Aile ve Sosyal Politikalar Bakanımız Fatma Betül Sayan Kaya Hollanda'ya kanunsuz, hukuksuz, mesnetsiz şekilde alınmayınca adına 'ezik' dediğimiz insan teki, saklandığı inden başını uzatıp o meşhur, o meşum, o lanetli cümleyi patlattı yine: 'Avrupa'ya rezil olduk.'
Bu eziğe göre kendi topraklarımız sayılan büyükelçiliğimize gitmek isteyen bir bakanı, üstelik diplomatik pasaportu olmasına rağmen ülkesine almayan Hollanda'da değildir kabahat. Bu eziğe göre bizim ülkemizde 15 Temmuz darbe girişiminin ardından olağanüstü hal ilan edilince 'ama insan hakları, ama çok kaygılıyız' diye bık bık etmesini pek iyi bilen, ama bakanımız Hollanda'ya alınmıyor diye protesto haklarını kullanmak için sokaklara dökülen gurbetçilerimiz yüzünden o saat olağanüstü hal ilan eden Hollanda'da suç yoktur. Bu eziğe göre, sokakta son derece demokratik olarak protesto eylemi yapan gurbetçilerimize atlarla, köpeklerle saldıran, hukuksuz olarak pek çok insanımızı gözaltına alan Hollanda polisi sütten çıkmış ak kaşıktır. Zaten bu eziğe göre vaktiyle Srebrenica'da sivillerin korunmasını temin edemediği için 20. Yüzyıl'ın gördüğü en büyük soykırımlardan birine imza atılmasına alenen destek olan Hollanda askerleri de 'aziz' sayılabilir. Ne de olsa sarı saçlı, mavi gözlü, gürbüz, seküler, eğitimli insanlardır Hollandalılar. Avrupalıdırlar işte canım. Her bir şeyleri bizden gelişmiş, her yanları ayrı güzeldir. Onlar, haşa, hatadan münezzeh, gelişmiş Batı standartlarıyla mücehhez insanlardır.
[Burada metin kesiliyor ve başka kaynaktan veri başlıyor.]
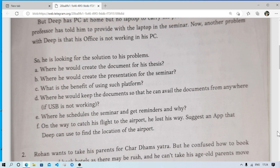On the way to catch his flight to the airport, he lost his way. Suggest an app that Dip can use to find the location of the airport. Suppose it was a new place — how can Dip find the location? He can definitely use Google Maps. If he is using an iPhone, he can also use Apple Maps. It depends on the device.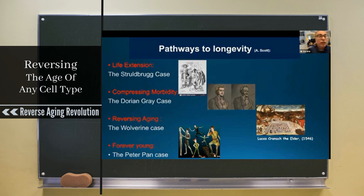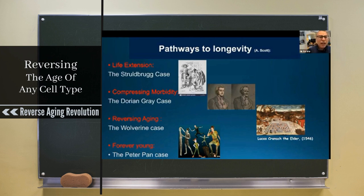The second is the Dorian Gray case — he stopped aging, but when he looked in the mirror he saw his real age. A really big task is reversing aging, the Wolverine case or the fountain of youth: taking old people and making them young. That's very difficult, but we can do some of it.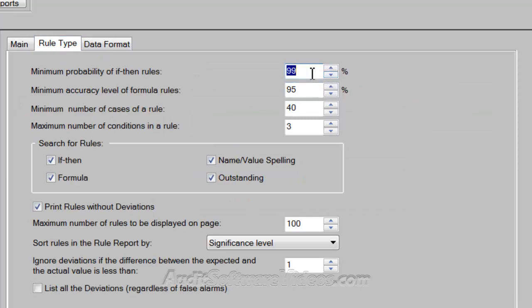In the rule type, what we're doing here is we're basically setting the probability of the rule. So if a rule doesn't have a 95% probability, it's just going to get rid of itself and not consider itself a rule. You could make this an 80% probability if you'd like, but I'm going to keep it at a higher level just for this example. So we have 95% probability, 95% on the formula rules. We have to find at least 40 transactions out of the 4,821 transactions in this data file.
Bu eziğe göre Türkler, hele bu AKP'liler öyle midir? Bir kere esmerdirler, ki affedilebilecek kusur değildir. Kaşları falan bitişik olur böyle. Balık, et falan yemek yerine hep makarna, hamur işi falan yedikleri için zihinsel gelişimlerini tamamlayamazlar. Yahu Hollanda'ya girmek isteyen bakanın bile başı bağlı yani. Adamlar son derece haklılar yani almamakta bu insanları ülkelerine.
Bu eziğe göre dönüp dolaşıp geleceğimiz cümle hep aynıdır: 'Avrupa'ya rezil olduk.'
Bu eziğe 'ulan ezik! Avrupa dediğin yer, dünyada rezillik bitse onu o saniye yeniden icat edebilecek bir kara parçasıdır. Senin bugün 'gelişmiş Avrupa değerleri' dediğin şeyin her yanı tel tel dökülmektedir. Derin faşist kodlarını, daha da derin aşağılık emperyalist kodlarını saklayamaz hale geldi Avrupa. Mültecilere layık gördüğü muamele ortada. Her geçen yıl artan İslamofobik saldırılar ortada. Hatta kendi kardeşleri saydıkları Yunanistan'a, İspanya'ya yaptıkları muamele ortada. Ulan bir kez de ülkenin yanında ol. Bir kez de milletinin safında yer al' diyemezsin. Seni duymaz, işitmez. Esmer bulur seni. Bıyıklı bulur. Gelişmemiş bulur.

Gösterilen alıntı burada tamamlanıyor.